__Study material__

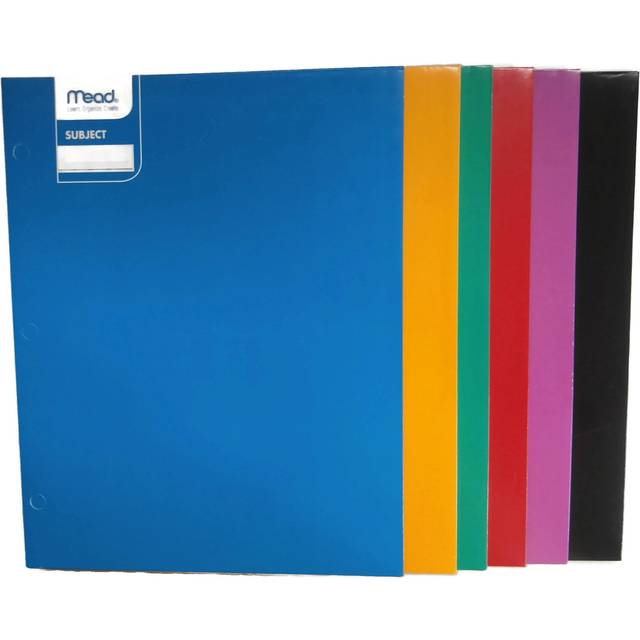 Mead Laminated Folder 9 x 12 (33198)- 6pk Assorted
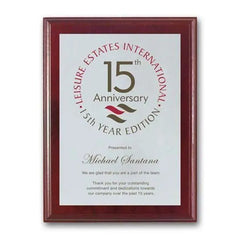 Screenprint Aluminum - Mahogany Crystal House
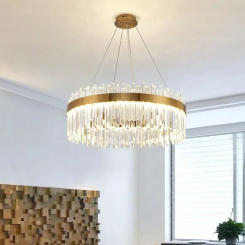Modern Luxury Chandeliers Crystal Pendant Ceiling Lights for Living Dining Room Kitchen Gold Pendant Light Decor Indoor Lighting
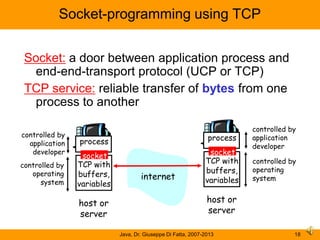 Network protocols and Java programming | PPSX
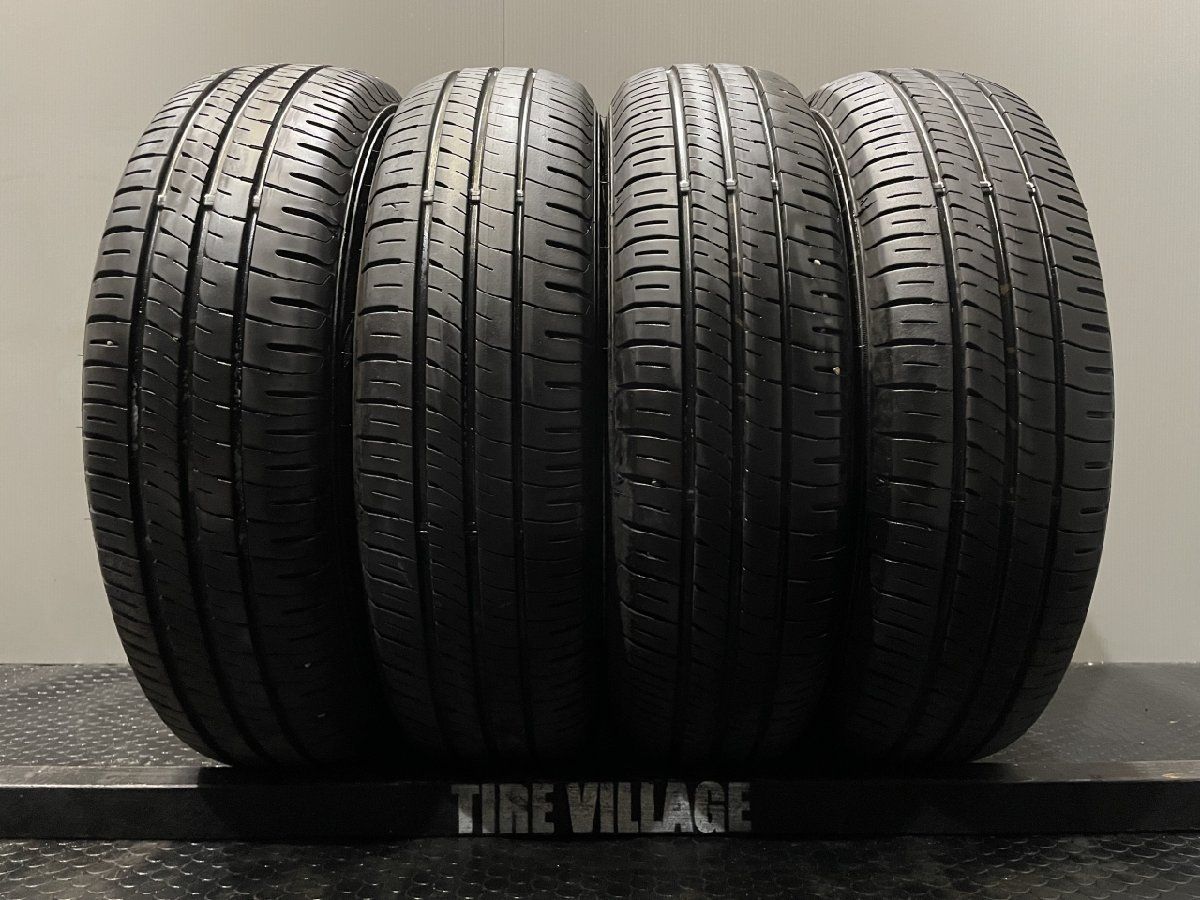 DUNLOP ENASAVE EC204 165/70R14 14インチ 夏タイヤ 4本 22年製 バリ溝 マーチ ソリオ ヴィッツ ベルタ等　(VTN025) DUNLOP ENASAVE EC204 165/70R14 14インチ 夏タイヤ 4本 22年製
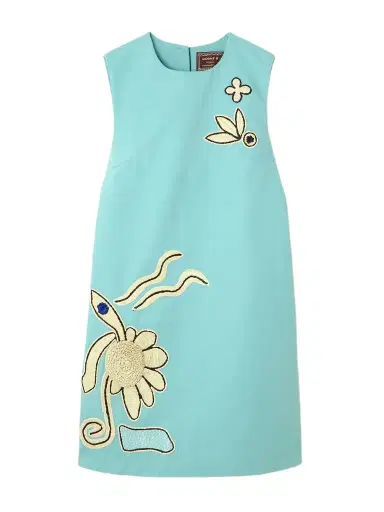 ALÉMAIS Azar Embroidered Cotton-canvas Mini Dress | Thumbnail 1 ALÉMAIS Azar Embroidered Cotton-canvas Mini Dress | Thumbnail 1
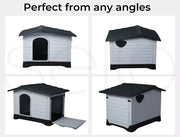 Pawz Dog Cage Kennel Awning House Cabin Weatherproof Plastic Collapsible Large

__Exercise requirements__
In the copy, include every line of the entries above exactly and none of the pictures.

__Result__
 Mead Laminated Folder 9 x 12 (33198)- 6pk Assorted
 Screenprint Aluminum - Mahogany Crystal House
Modern Luxury Chandeliers Crystal Pendant Ceiling Lights for Living Dining Room Kitchen Gold Pendant Light Decor Indoor Lighting
 Network protocols and Java programming | PPSX
 DUNLOP ENASAVE EC204 165/70R14 14インチ 夏タイヤ 4本 22年製 バリ溝 マーチ ソリオ ヴィッツ ベルタ等　(VTN025) DUNLOP ENASAVE EC204 165/70R14 14インチ 夏タイヤ 4本 22年製
 ALÉMAIS Azar Embroidered Cotton-canvas Mini Dress | Thumbnail 1 ALÉMAIS Azar Embroidered Cotton-canvas Mini Dress | Thumbnail 1
 Pawz Dog Cage Kennel Awning House Cabin Weatherproof Plastic Collapsible Large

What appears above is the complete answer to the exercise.